Fleetwood Mac: The Dance Wersja na winylu 2LP w standardowe wydanie. Ta konkretna edycja została wydana w Europa w wydawnictwie Reprise Records dnia 12. października 2018.
Powrót ery RUMOURS na Fleetwood Mac do aktywnej służby był mile widzianą wiadomością w 1997 roku. Każdy z trzech głównych autorów piosenek zespołu - Lindsey Buckingham, Stevie Nicks i Christine McVie - wykonał solową pracę, która, choć wysokiej jakości, nie zbliżyła się do komercyjnych wyżyn zespołu w czasach jego świetności. A próba perkusisty Micka Fleetwooda i basisty Johna McVie kontynuowania działalności bez ich wokalnego trio - ponury TIME z 1995 roku z byłym gitarzystą Traffic Dave'em Masonem - nie mogła wypaść gorzej.

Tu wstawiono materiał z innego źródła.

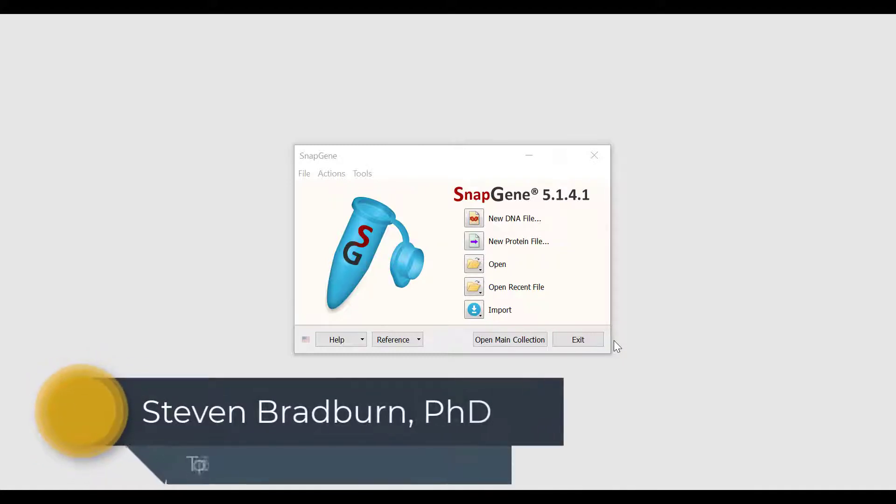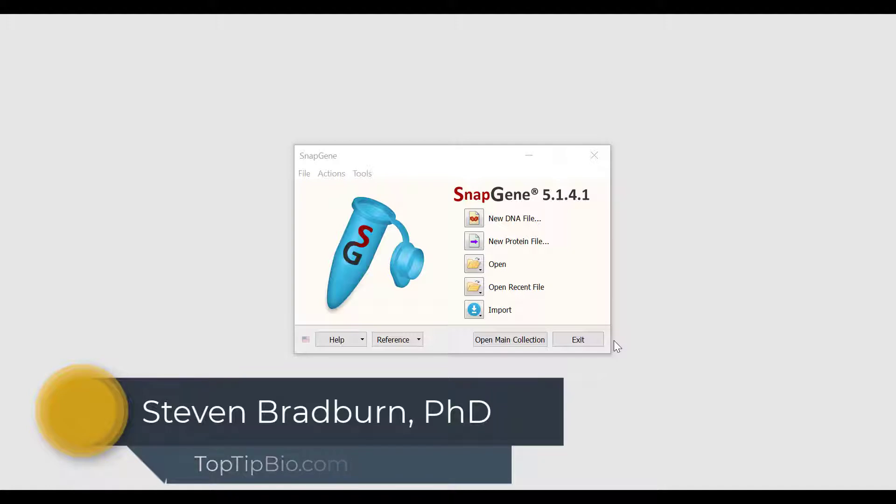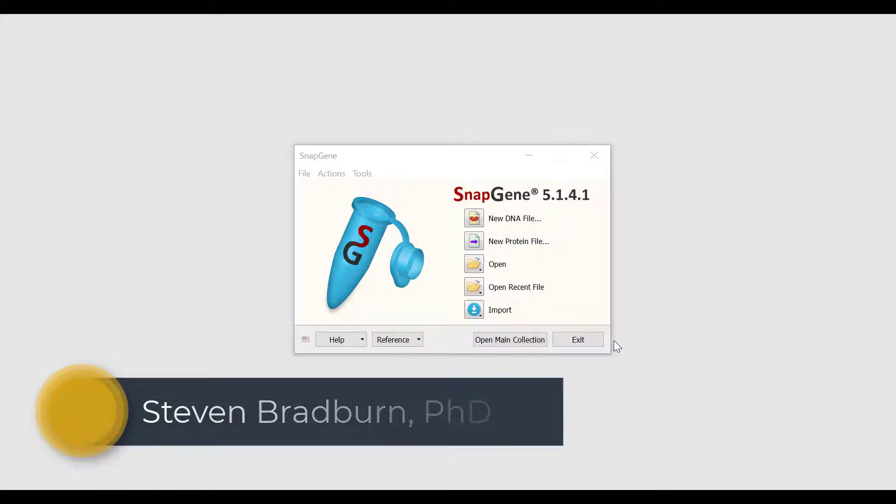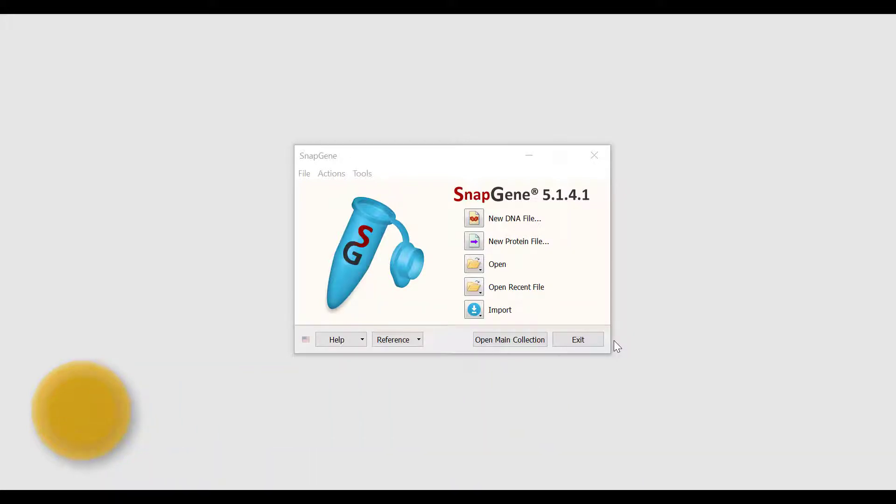In this video we will show you how to simulate conventional restriction and insertion cloning in SnapGene. Restriction cloning is a common cloning technique where restriction enzymes are used to prepare an insert and a vector for ligation.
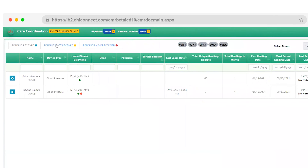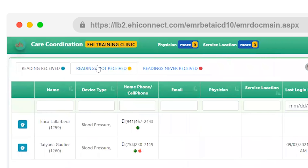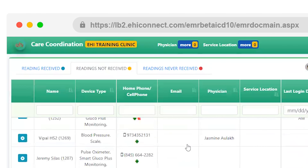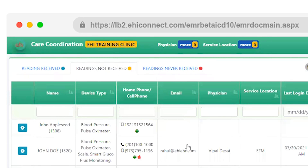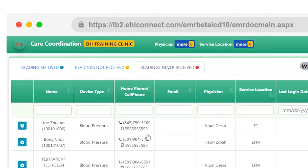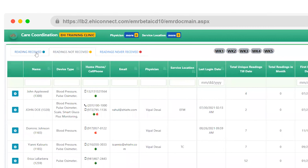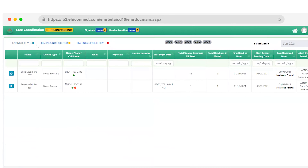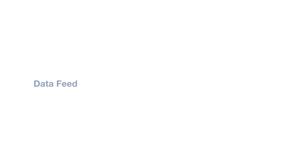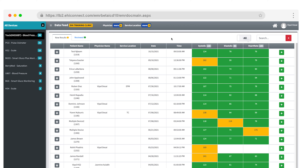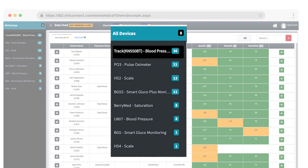Under Care Coordination, you can see how many patients are actively taking readings and how many are not. Under Data Feed, you'll see your patient's readings filtered by their medical device.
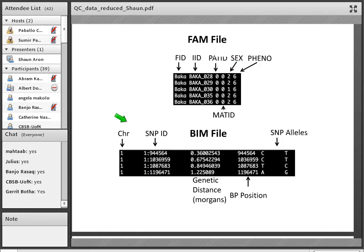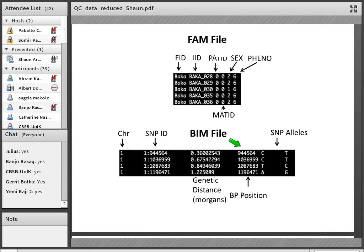In the BIM file, we have information about our SNPs: chromosome number, a SNP ID (which can be an RS ID or chromosome:position format), genetic distance obtained from a recombination map, the base pair position in the genome, and the two alleles for that SNP. For example, a SNP might be either a C or a T. The BIM file contains information about individual SNPs, and the actual genotypes are contained in the BED file, which I'm not showing as it is not human readable. These three files are what we start with when we run our QC.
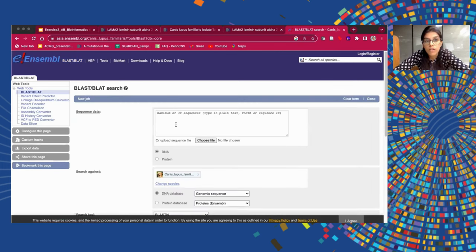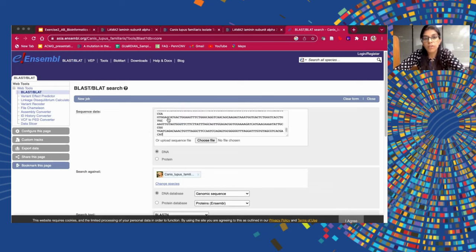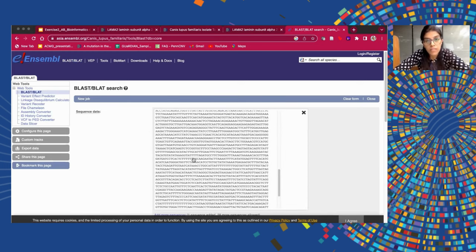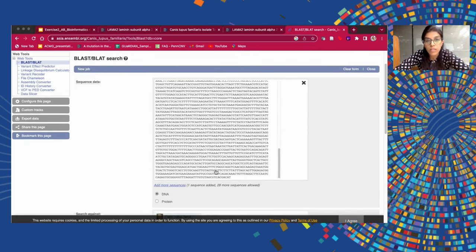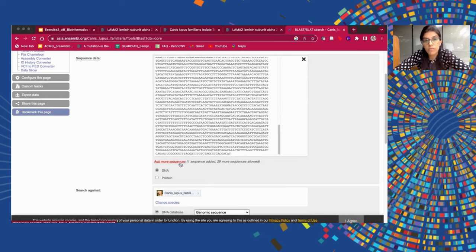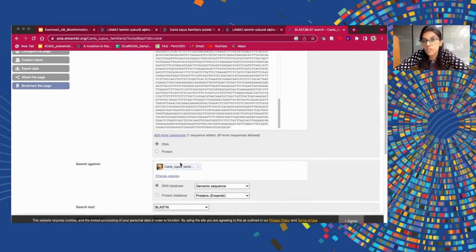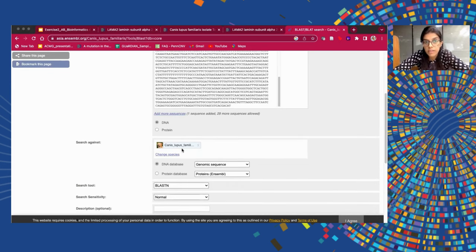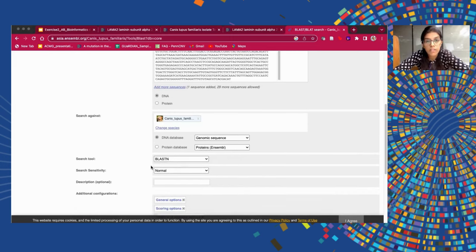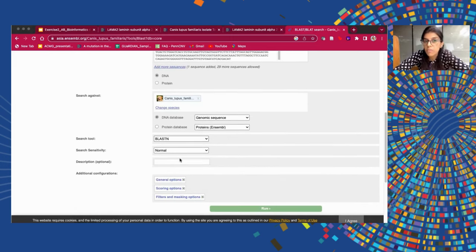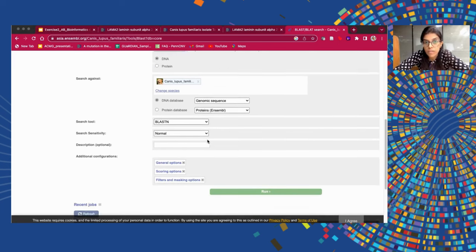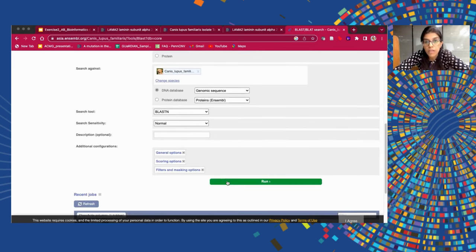We will submit a new job. When you press on 'New Job', you will be redirected to a tab where you have to enter your sequence data. The sequence data I have already copied — this is the random DNA sequence. Just assume this is a random DNA sequence which we don't know anything about; we just know it is a DNA sequence and we need to find out what gene it is. We know it is from the dog's genome, so we have selected it against that species. We are using BLASTN, which is the default selected search tool in the Ensembl BLAST browser. We click on Run.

Od pierwszych nut "The Chain" na THE DANCE - albumie koncertowym i projekcie wideo, który oznaczał powrót klasycznego składu - łatwo usłyszeć, że pięciu głównych graczy jest lepszych razem niż osobno. Buckingham i Nicks urodzili się, by współgrać - on brzmi, jakby miał wyskoczyć ze skóry z adrenaliną, a jej chrapliwy głos daje mu cel, do którego może dążyć. Dymny podkład Christine McVie dodaje piosence jeszcze więcej tekstury i głębi. Słuchacze rozpoznali coś, czego im brakowało w tym momencie, prawdopodobnie nie zdając sobie z tego sprawy - klasyczne brzmienie tego wspaniałego zespołu.

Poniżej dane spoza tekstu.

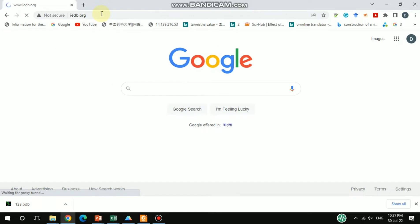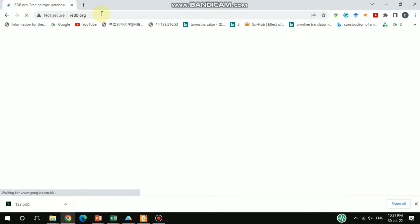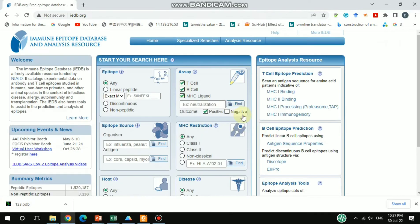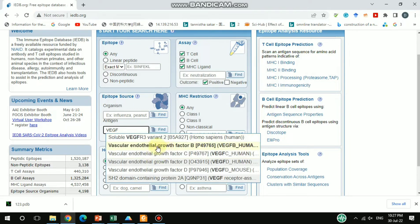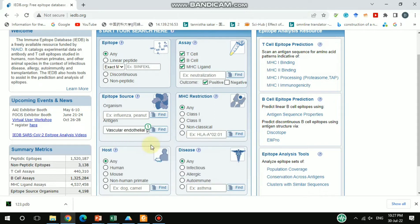This database is for epitope sequencing. This is the interface of the IEDB — the Immune Epitope Database and Analysis Resource. Here you can find several options. In the antigen field, you can type whatever antigen you want. For example, I'm going to search for VEGF, which is the angiogenesis-forming protein, so here I type VEGFP.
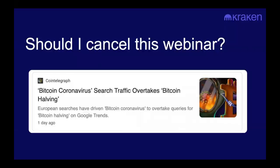I should ask whether I should cancel this webinar. Apparently, coronavirus has become more popular than the Bitcoin halving, which is sad for humanity and sad for this webinar. I feel like we're getting overshadowed. But we're all remote, tuning in over the internet, so it is safe to go forward with the webinar, and hopefully it'll still be relevant going forward.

Oprócz znanych utworów, takich jak "Go Your Own Way", "Rhiannon", "Dreams" i "You Make Loving Fun", THE DANCE dał każdemu autorowi piosenek miejsce na wprowadzenie nowego materiału. "Temporary One" to szybki numer Christine McVie, który szybuje na wietrze gitar akustycznych i jest prawdopodobnie najbardziej optymistycznie brzmiącą piosenką na albumie. Buckingham współtworzy "Bleed to Love Her", który łagodzi mroczne tendencje na rzecz prostej popowej piosenki. "Sweet Girl" Nicks brzmi najbardziej tak, jakby mogła pochodzić z sesji pod koniec lat 70. z całej trójki; podobnie jak "Temporary One", jest tu dużo brzdąkania i spora dawka harmonii, ale przede wszystkim wspaniale było usłyszeć głos Nicks po raz kolejny na czele tego zespołu.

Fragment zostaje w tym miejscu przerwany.